(INPUT MATERIAL Opens)

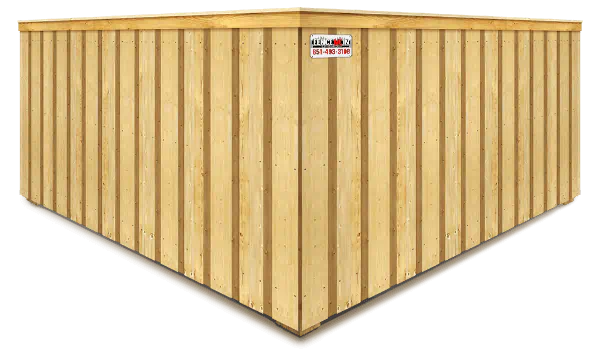 Wood Board on Board Style Fence - Minneapolis Minnesota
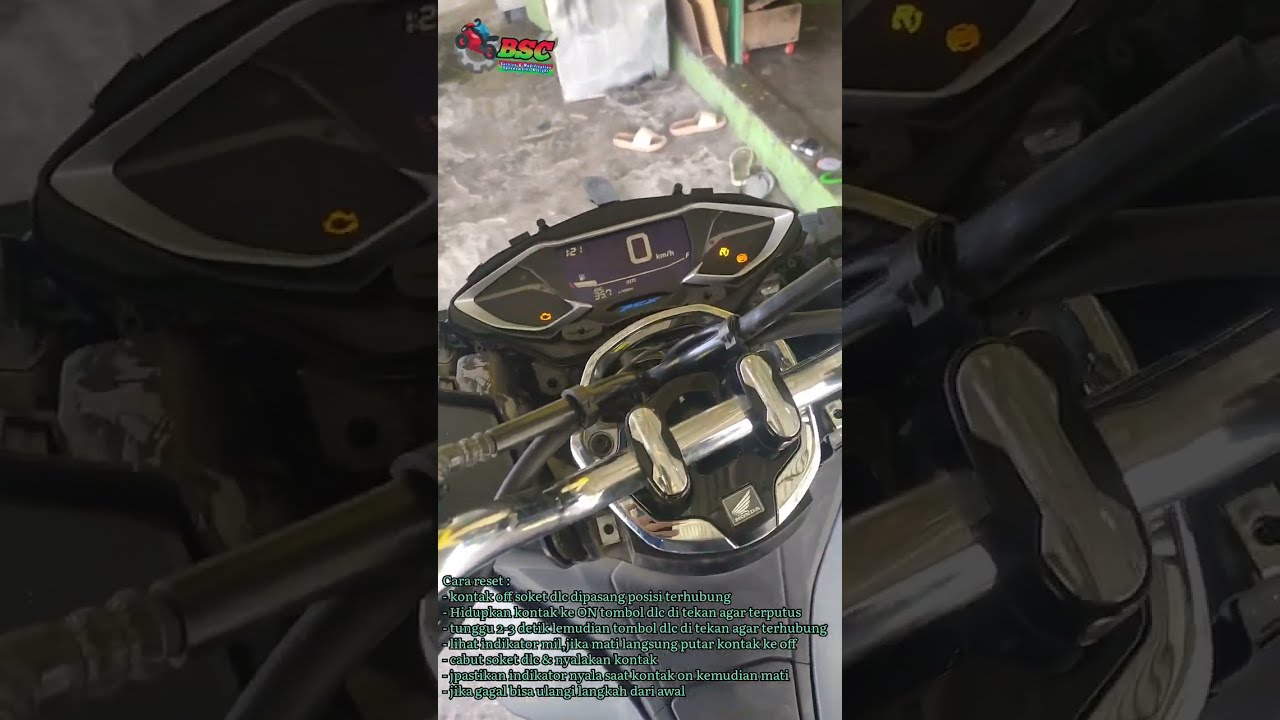 Cara reset manual lampu MIL Honda PCX 160 ABS
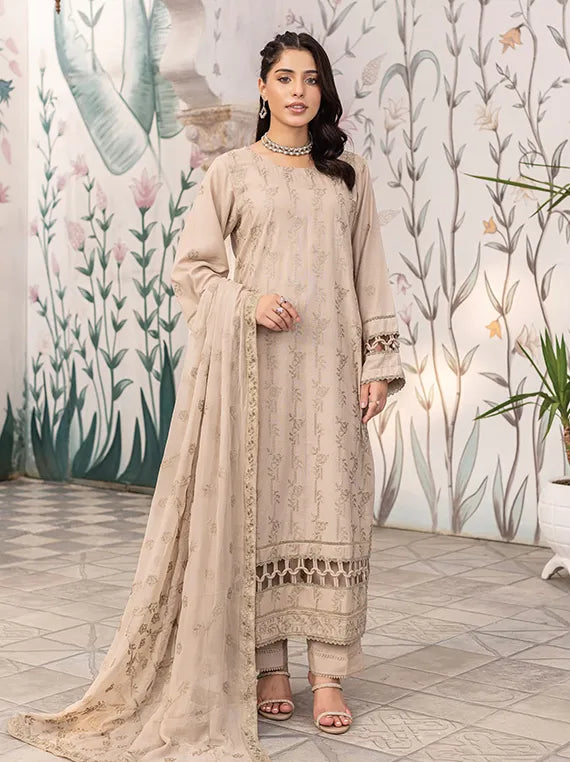 ELEGANZA Dastak by Pearl Arts Embroidered Karandi Collection 2025 Vol-10 (EG-883)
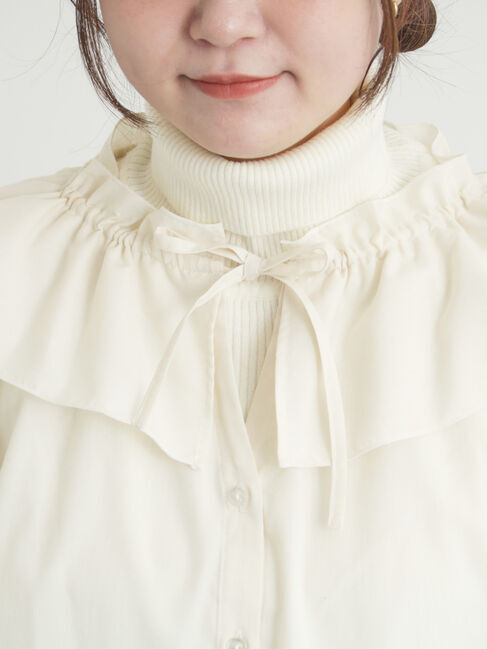 Samansa Mos2「フリル襟ブラウス」|シャツ・ブラウス|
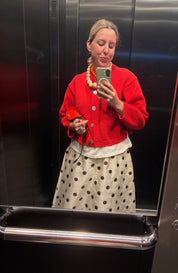 Shiloh Cotton Cardigan - Lipstick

(INPUT MATERIAL Closes)

ACTIVITY: A word-for-word copy of the material is required; pictures stay out of it.

TASK OUTPUT:
 Wood Board on Board Style Fence - Minneapolis Minnesota
 Cara reset manual lampu MIL Honda PCX 160 ABS
 ELEGANZA Dastak by Pearl Arts Embroidered Karandi Collection 2025 Vol-10 (EG-883)
 Samansa Mos2「フリル襟ブラウス」|シャツ・ブラウス|
 Shiloh Cotton Cardigan - Lipstick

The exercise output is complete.